Data extracts →
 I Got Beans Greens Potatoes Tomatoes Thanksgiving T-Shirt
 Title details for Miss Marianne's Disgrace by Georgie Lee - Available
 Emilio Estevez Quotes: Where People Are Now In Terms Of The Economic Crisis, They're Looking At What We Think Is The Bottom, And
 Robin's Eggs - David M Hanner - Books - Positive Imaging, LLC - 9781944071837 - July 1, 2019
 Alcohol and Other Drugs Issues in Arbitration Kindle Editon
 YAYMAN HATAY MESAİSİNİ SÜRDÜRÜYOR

---

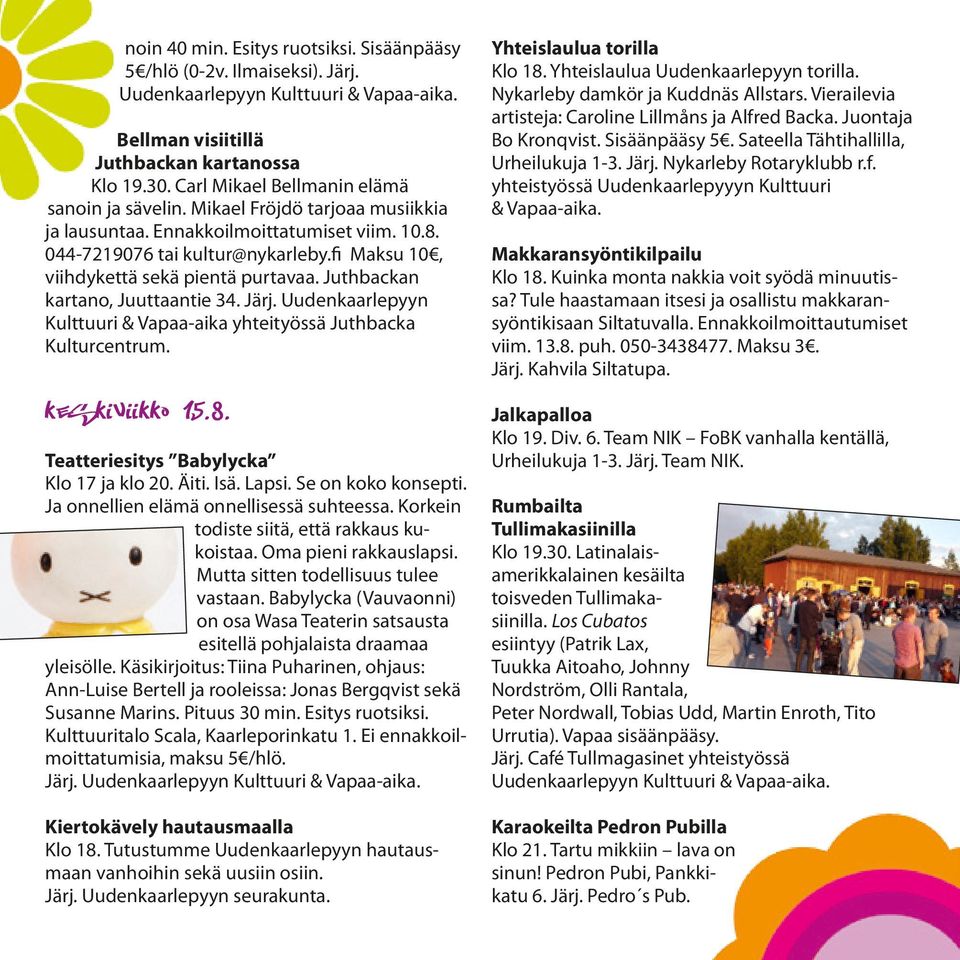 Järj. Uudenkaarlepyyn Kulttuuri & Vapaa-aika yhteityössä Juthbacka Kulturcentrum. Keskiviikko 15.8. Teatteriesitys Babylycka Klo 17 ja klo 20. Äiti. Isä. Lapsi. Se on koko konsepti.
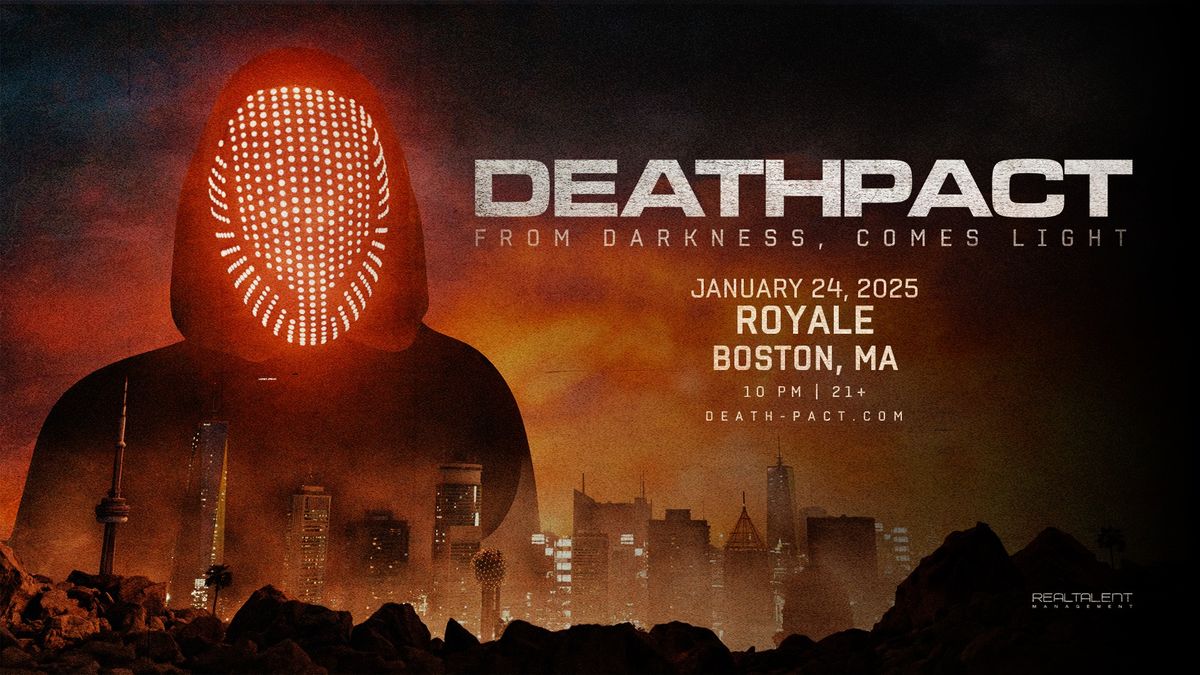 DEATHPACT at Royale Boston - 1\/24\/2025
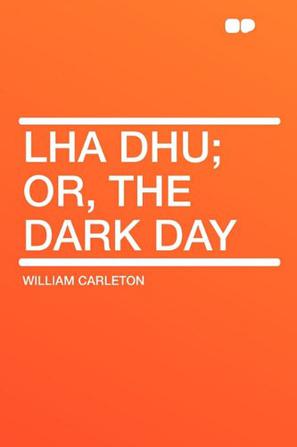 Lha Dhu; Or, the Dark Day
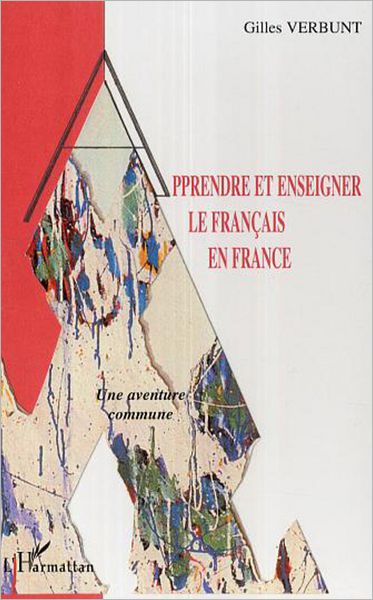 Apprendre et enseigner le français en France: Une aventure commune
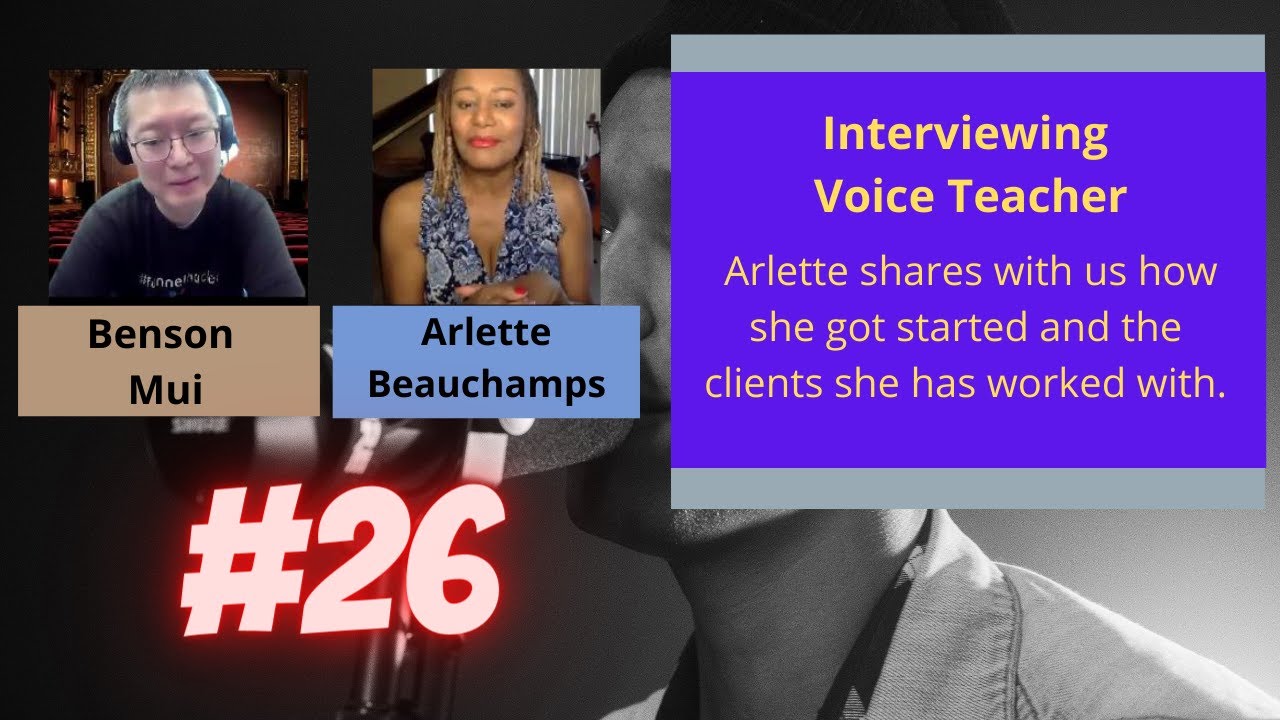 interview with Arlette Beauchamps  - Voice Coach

Task prompt → The exact lines of the material above starting at the one that contains "I Got Beans" and ending at the one that contains "YAYMAN HATAY MESAİSİNİ SÜRDÜRÜYOR" are what to retype; leave out everything else.

Solved exercise →
 I Got Beans Greens Potatoes Tomatoes Thanksgiving T-Shirt
 Title details for Miss Marianne's Disgrace by Georgie Lee - Available
 Emilio Estevez Quotes: Where People Are Now In Terms Of The Economic Crisis, They're Looking At What We Think Is The Bottom, And
 Robin's Eggs - David M Hanner - Books - Positive Imaging, LLC - 9781944071837 - July 1, 2019
 Alcohol and Other Drugs Issues in Arbitration Kindle Editon
 YAYMAN HATAY MESAİSİNİ SÜRDÜRÜYOR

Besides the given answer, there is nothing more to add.